» Exercise details
Omit all pictures and give the records below again exactly as written.

== Records shown ==

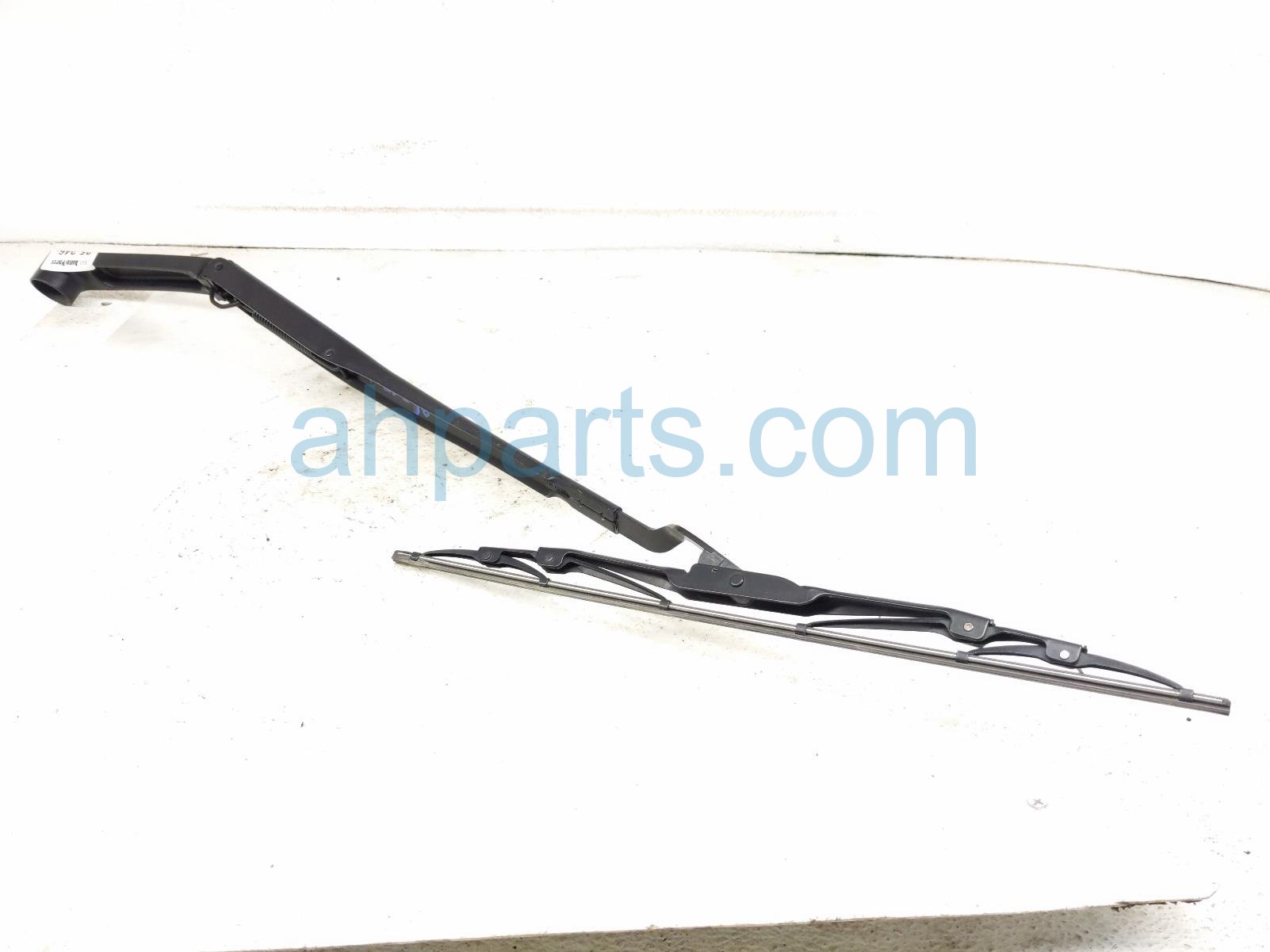 $25 Kia RH WINDSHIELD WIPER ARM W/BLADE $25 Kia RH WINDSHIELD WIPER ARM W/BLADE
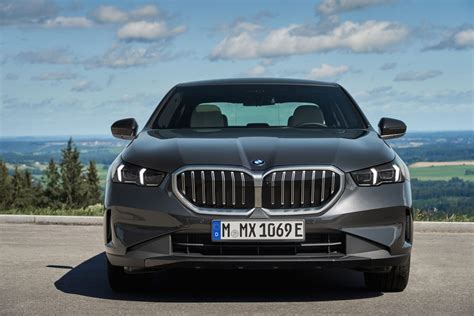 BMW erweitert 5er-Limousine mit zwei neuen Plug-in-Hybrid-Modellen | Fanaticar Magazin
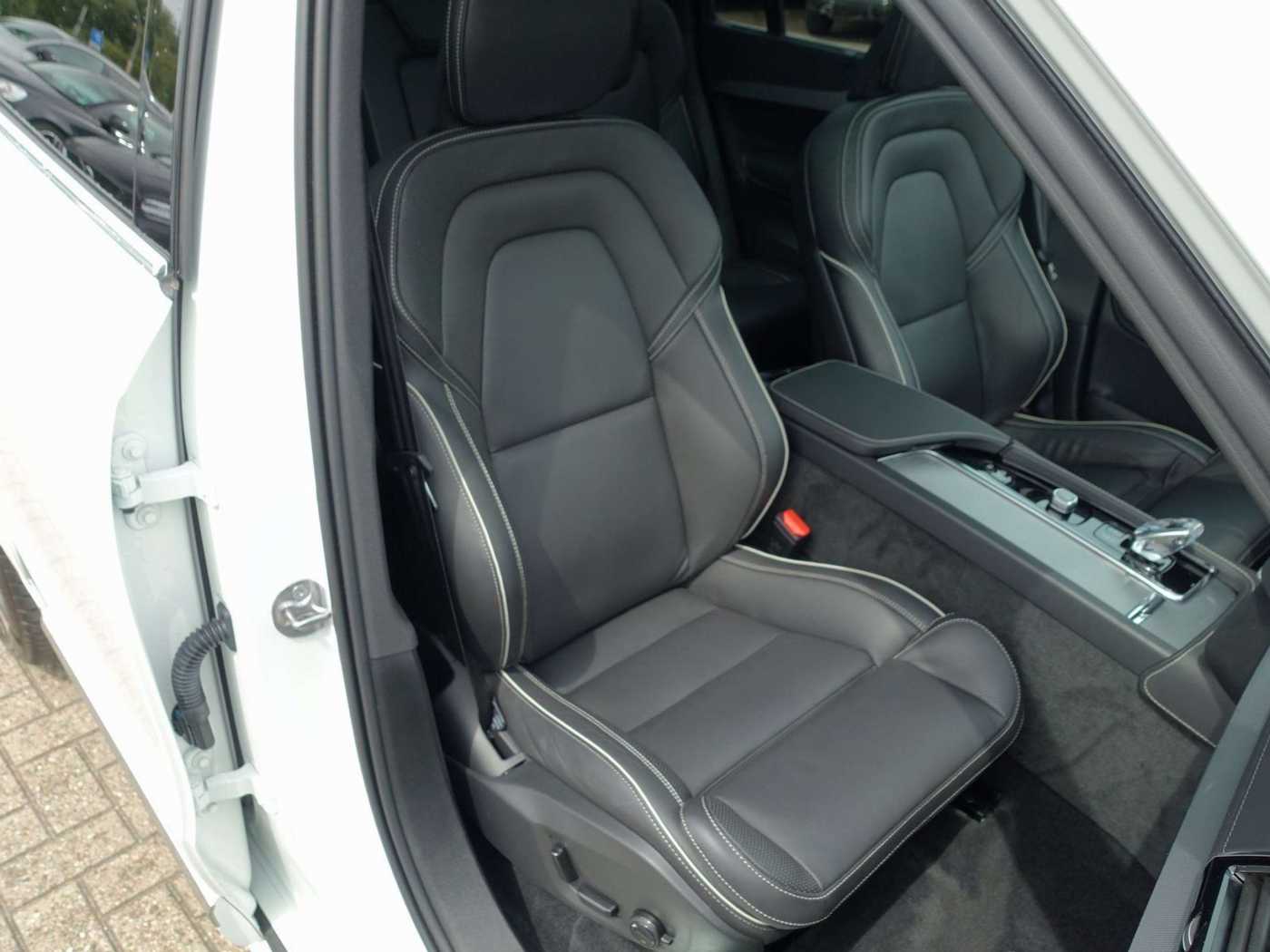 Volvo  Plus Bright T8 AWD Plug-in Hybrid PANO/B&W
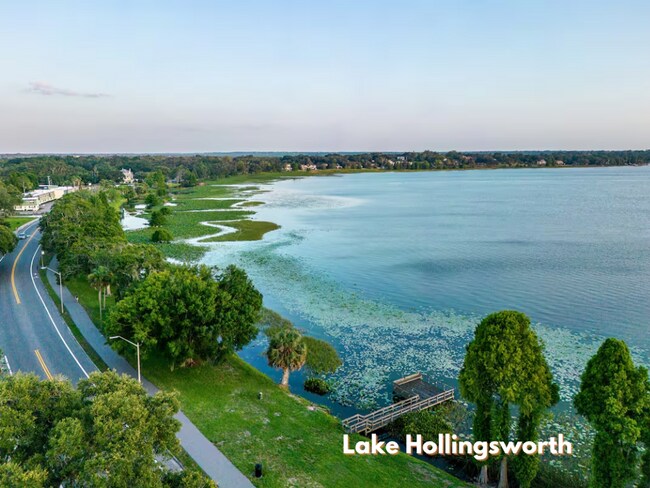 Building Photo - 1112 South Blvd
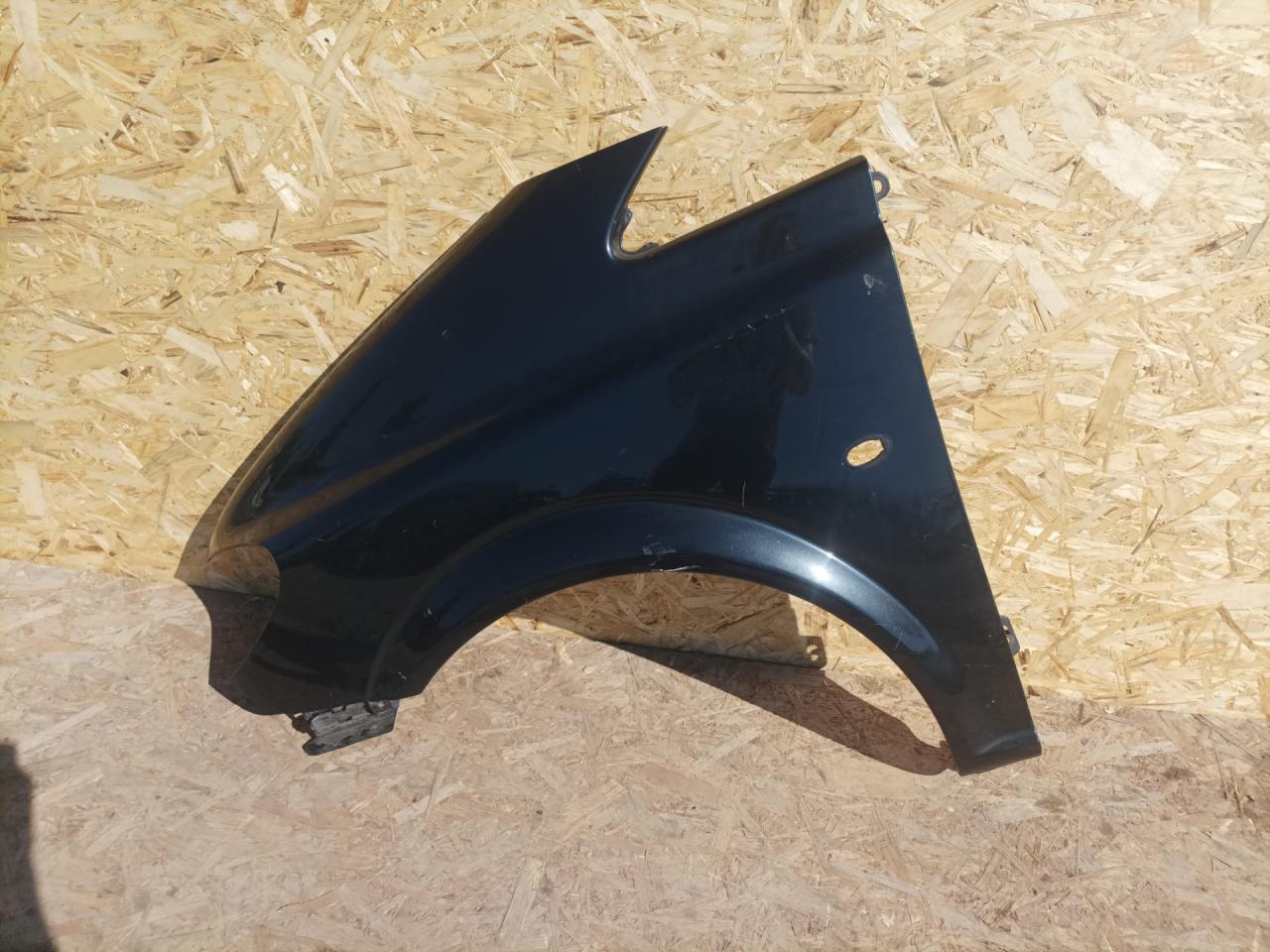 крыло переднее левое Mercedes-Benz Vito W639 2005, 2.2 л., OM 646.982, дизель, МКПП, микроавтобус - фото №1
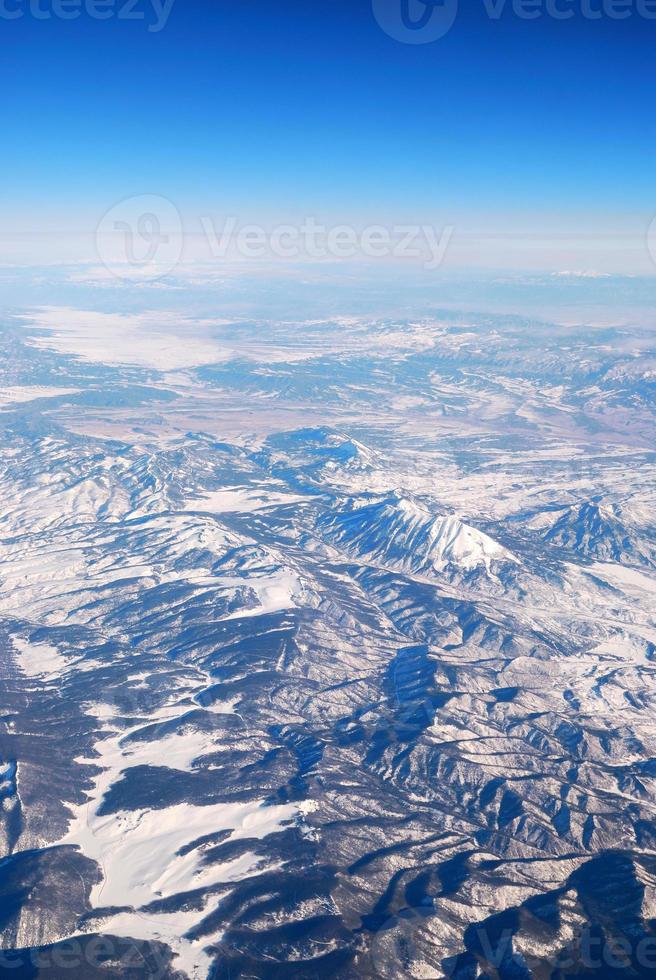 Luftaufnahme des schneebedeckten Berges foto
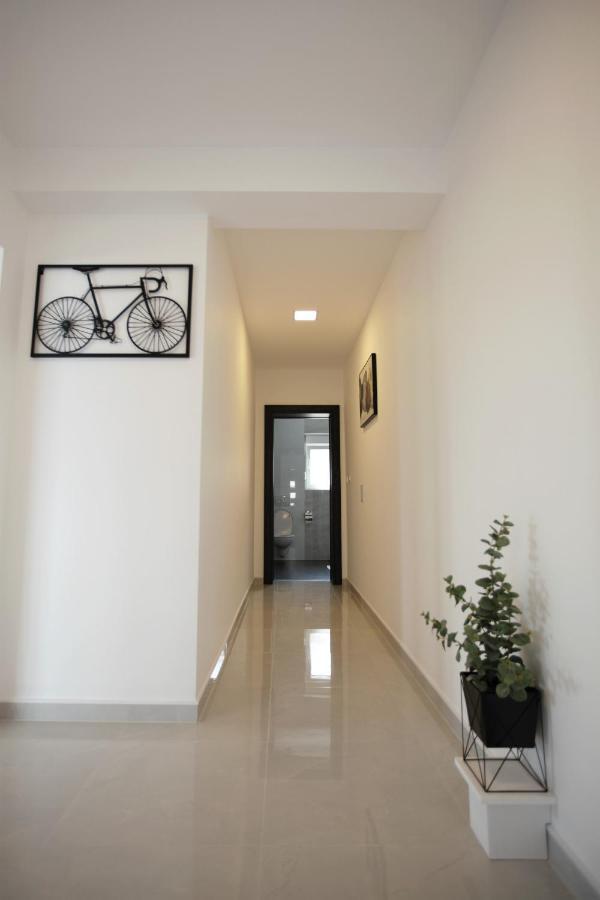 Apartmani Ive โตรกีร์ ภายนอก รูปภาพ
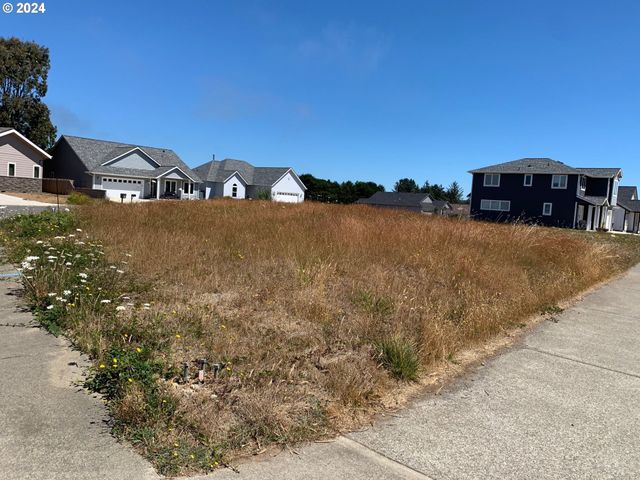 $149,500 | 843 Spyglass Drive | Bandon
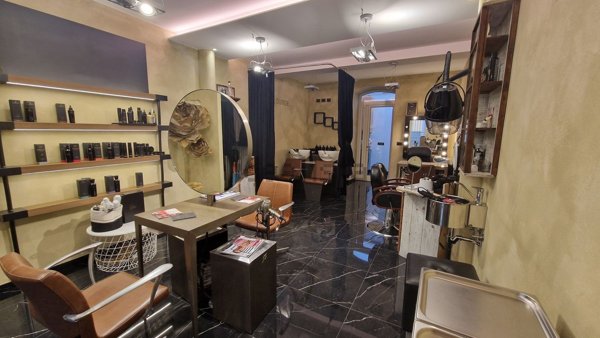locale commerciale in affitto a Chiavari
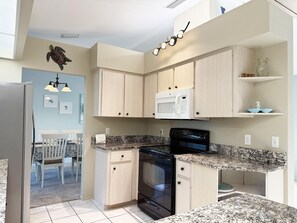 Fridge, microwave, oven, stovetop - Peaceful 3BR Villa – Near Beaches & Golf (Englewood)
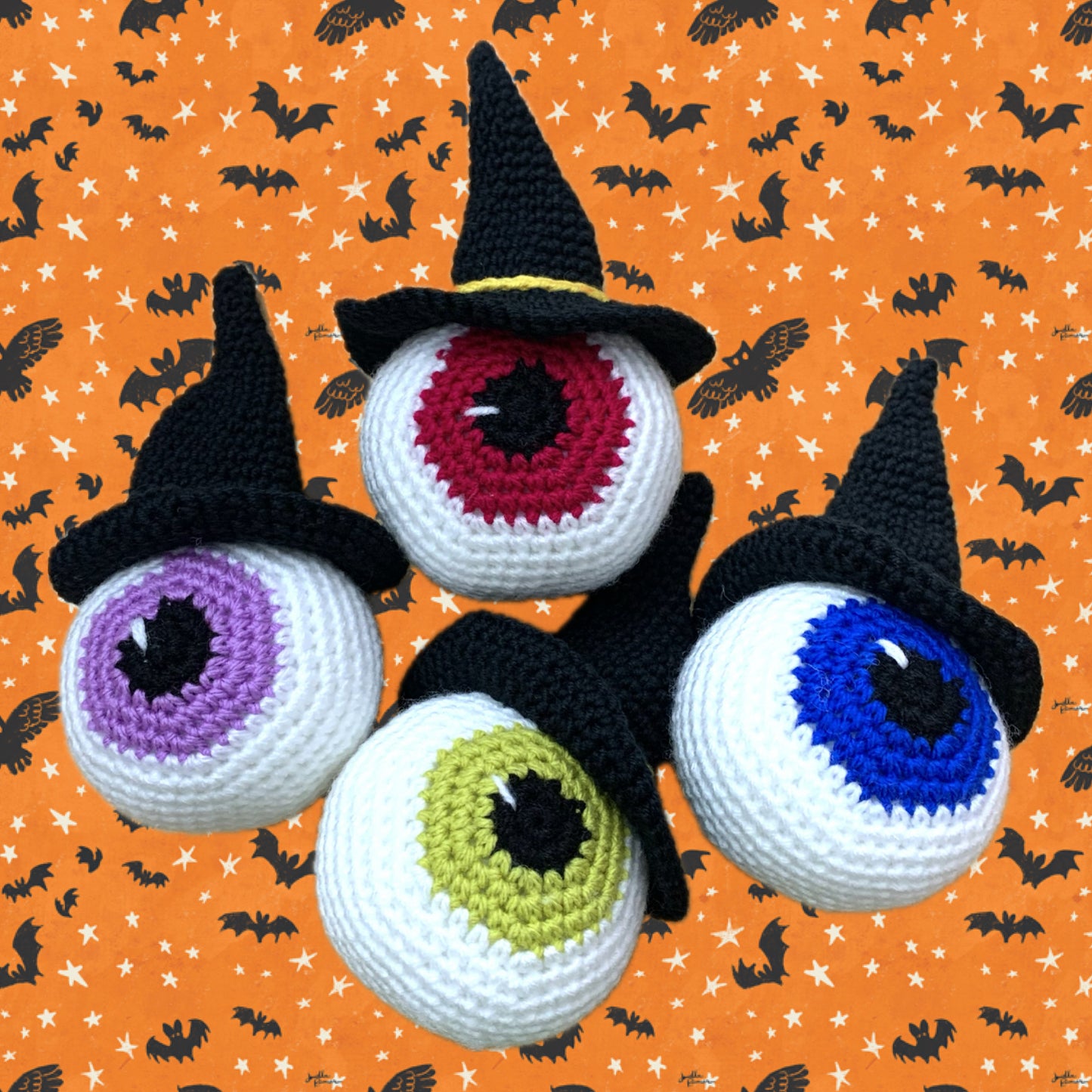 BEAKNITS- "GREEN EYEBALL"- CROCHETED HALLOWEEN TOY/DECORATION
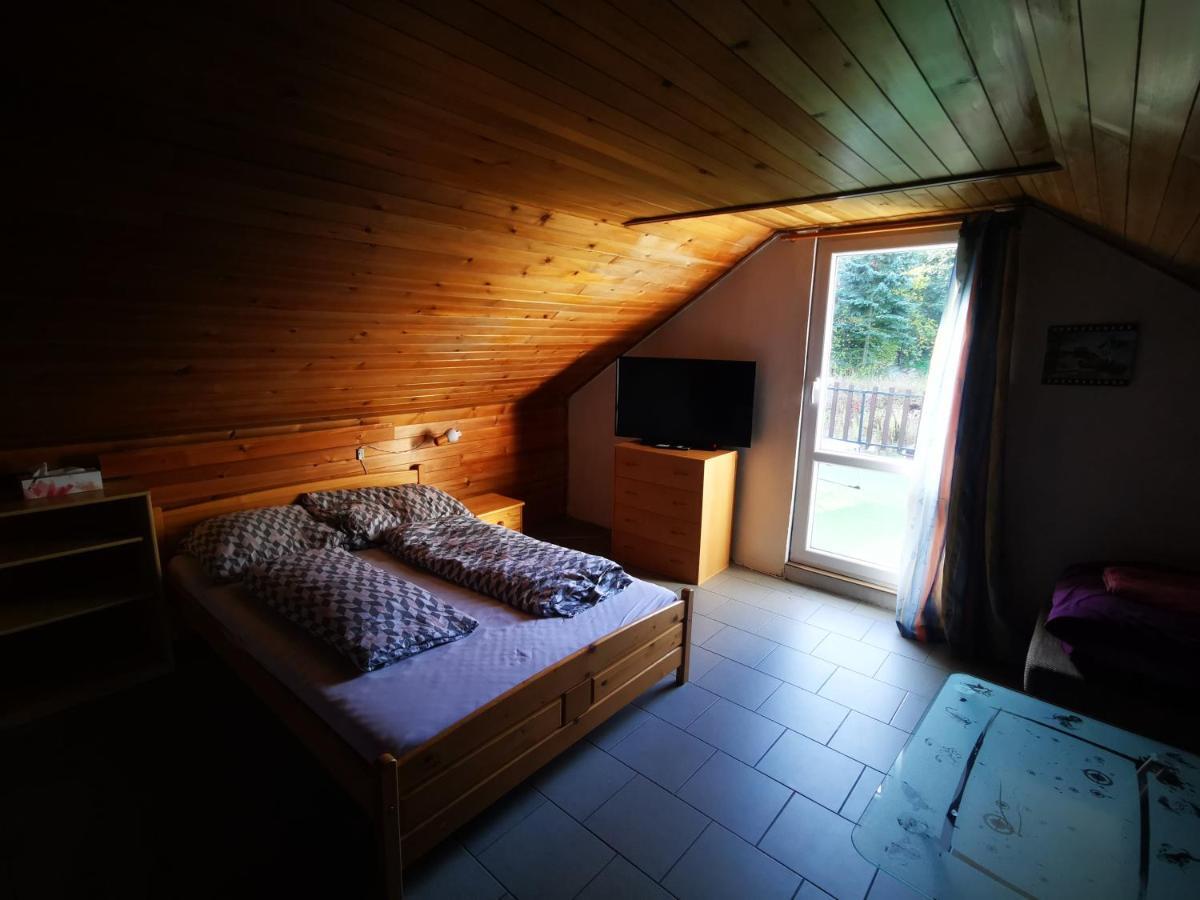 Zbraslav Apartment *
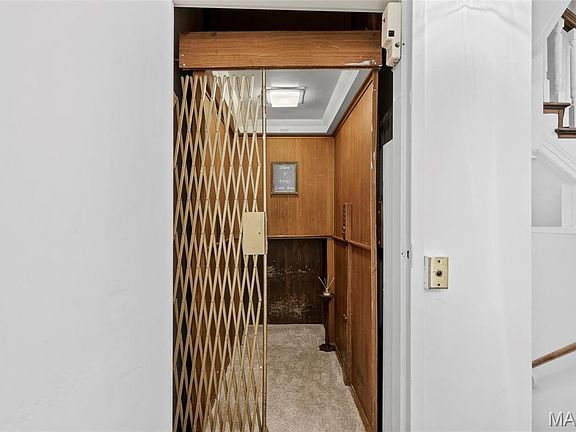 3rd image of 4446 Laclede Ave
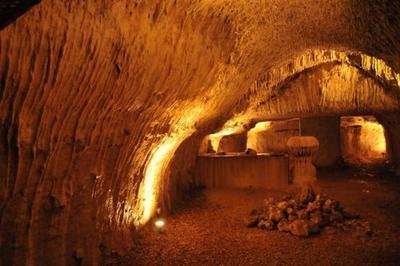 Visite de la grotte ptrifiante et du muse de la vigne et des objets anciens de la vie quotidienne  Troo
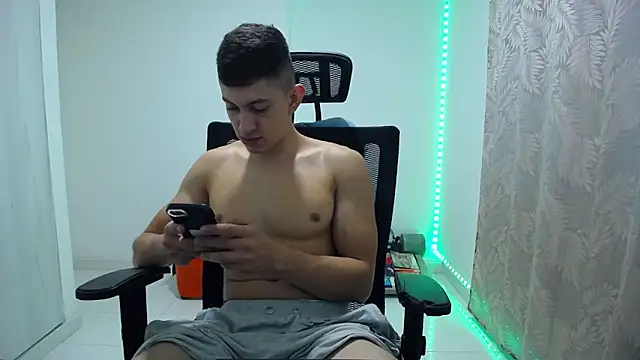 Iam yourbabyprincess XD online show from December 2024 05:21:01 AM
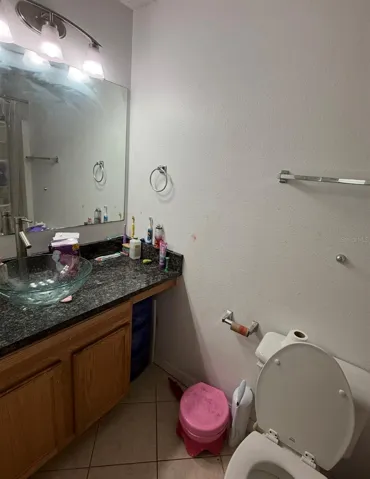 Second floor full bath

===

» Solution
 $25 Kia RH WINDSHIELD WIPER ARM W/BLADE $25 Kia RH WINDSHIELD WIPER ARM W/BLADE
 BMW erweitert 5er-Limousine mit zwei neuen Plug-in-Hybrid-Modellen | Fanaticar Magazin
 Volvo  Plus Bright T8 AWD Plug-in Hybrid PANO/B&W
 Building Photo - 1112 South Blvd
 крыло переднее левое Mercedes-Benz Vito W639 2005, 2.2 л., OM 646.982, дизель, МКПП, микроавтобус - фото №1
 Luftaufnahme des schneebedeckten Berges foto
 Apartmani Ive โตรกีร์ ภายนอก รูปภาพ
 $149,500 | 843 Spyglass Drive | Bandon
locale commerciale in affitto a Chiavari
 Fridge, microwave, oven, stovetop - Peaceful 3BR Villa – Near Beaches & Golf (Englewood)
 BEAKNITS- "GREEN EYEBALL"- CROCHETED HALLOWEEN TOY/DECORATION
 Zbraslav Apartment *
 3rd image of 4446 Laclede Ave
 Visite de la grotte ptrifiante et du muse de la vigne et des objets anciens de la vie quotidienne  Troo
 Iam yourbabyprincess XD online show from December 2024 05:21:01 AM
 Second floor full bath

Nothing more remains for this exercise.